諏訪明神は農耕神であり、その神力の不思議さから大社の神事の中でも大切な祭りとされている。
田植祭りは稲を奉り、白の水牛、鳥帽子姿の神官たちによって耕牛に扮したり、田遊びの舞が執行される。
神事が終わると耕作長による田植えが行われる。御作田神社の境内にある杉や桜の老木は古社であることを物語っている。
根入杉(下社御宝木)
樹齡推定
700~800年 高35メートル 目通り5.3メートル
丑三つ時(2時~2時半頃)枝を三寸下げて眠り、幹に耳を当てるといびきが聞こえるといわれている。
また、落ち葉を煎じて飲ませると子供の夜泣きが止まるとか、国家に変事がある時はうなりを発するなど様々な言い伝えがある。
ちなみに秋宮のご神木は一位の木であるが、春宮のご神木は杉の木である。
湯口の清濁(湯玉伝説・綿の湯)
上社にお住まいになられた女神様(八坂刀売神)が日頃化粧に使われていた湯を綿に含ませて下社に渡られた。
その時滴り落ちた湯が上諏訪から下諏訪にかけての温泉といわれている。
最後にその綿を置いたところが下社の地で、そこから凄まじい勢いで湯が噴出した。
この湯は神社に属する神聖な精進の湯とされ不浄なものが入るとたちまち湯がにごり「それは神のお怒りだ」と入浴を禁じてきた。
八坂刀売が綿に含ませてお持ちになったことから「綿の湯」と呼ばれた。
そんな神湯「綿の湯」も江戸時代になると街道の発達とともに庶民の湯となり天下の名湯として知れ渡った。
江戸時代の諸国温泉番付に「信州諏訪の湯」として掲げられている。これは名湯と言われた「綿の湯」のことである。
穂屋野の三光
御射山祭の最後に太陽・月・星を同時に拝することができる。
御射山祭は8月26日から3日間原山(霧ヶ峰)一帯で行われる。
諏訪明神は農耕神として民衆を導いた神事が多い。
農作にとって一番恐ろしいのは、秋の台風。
山神に農耕に関わるすべての神々を同帯して天下万民のため祈りを捧げた。
御射山神事は諏訪神社にとって最も重要な神事だった。
穂屋野へ全国から参詣人奉仕の人はもとよりもろもろの芸人などが集まり、それらの人々が野営する仮小屋(ススキの穂で作る)ができた。

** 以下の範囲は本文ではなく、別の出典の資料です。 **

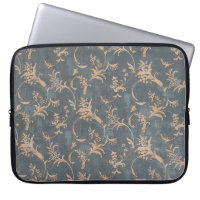 Floral old retro vintage ornament wallpaper on bac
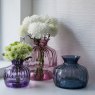 Dartington Crystal Cushion Vase Medium Ink Blue Optic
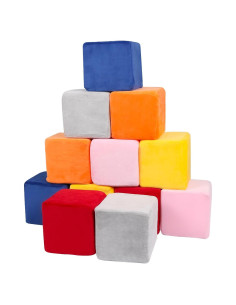 Bloques de Espuma Suave MODEREVE 12 Piezas 14cm para Niños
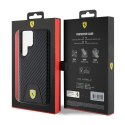 Ferrari Carbon Stitched Bottom - Case for Samsung Galaxy S24 Ultra (black)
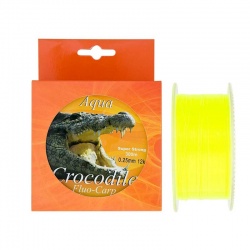 Nylon-fir monofilament 300 m Aqua Crocodile Fluo-Carp , galben fluo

神事の後、流鏑馬、犬追物等の武術の技術が奉納された。
御神渡り
冬 全面結氷した氷の上を上社の男祭神(建御名方神)が下社の女祭神(八坂刀売神)のところに通った跡であると言われる(恋道)。
湖水が結氷し膨張と収縮を繰り返し張り裂け
盛り上がり湖上を横断する現象を神渡りといい二神の素敵なロマンに結びつけた。
又、この御神渡りの方向・形によってその年の吉山を占った。
政治(まつりごと)が占いによって行われた時代には御神渡りの宣話は国家にとても重要だった。
六百年前、幕府に報告した「御渡注進状控」が残されている。
江戸時代になると報告内容も克明になり現在もこの伝統は毎年気象庁に報告されている。
昔は、御神渡りがすまないと湖が凍っても氷上を通行することはしなかったという。
筒粥の神事
農耕としての代表的な祭りで農作を占う筒粥神事である。
春宮にある筒粥殿で1月14日夜半から15日早朝にかけて
大釜に華(ヨシ)の筒(茎)44本と白米と小豆をもとに煮る。
小豆粥が葦の筒の中に入った量で43種の農作物と作柄と世の中全般の豊凶を占う。
古式による切り火で採火し、正装した神官らが夜を徹し奉仕する伝統行事である。
早朝5時から取り出した筒を拝殿に移し1本ずつ読み上げる。
豊作物作柄「夏大根上の中」「そば中の上」など神の宣託が下される。
筒粥神事は鎌倉時代からの記録が残っている。
現代でも15日には神社への問い合わせが沢山あるという。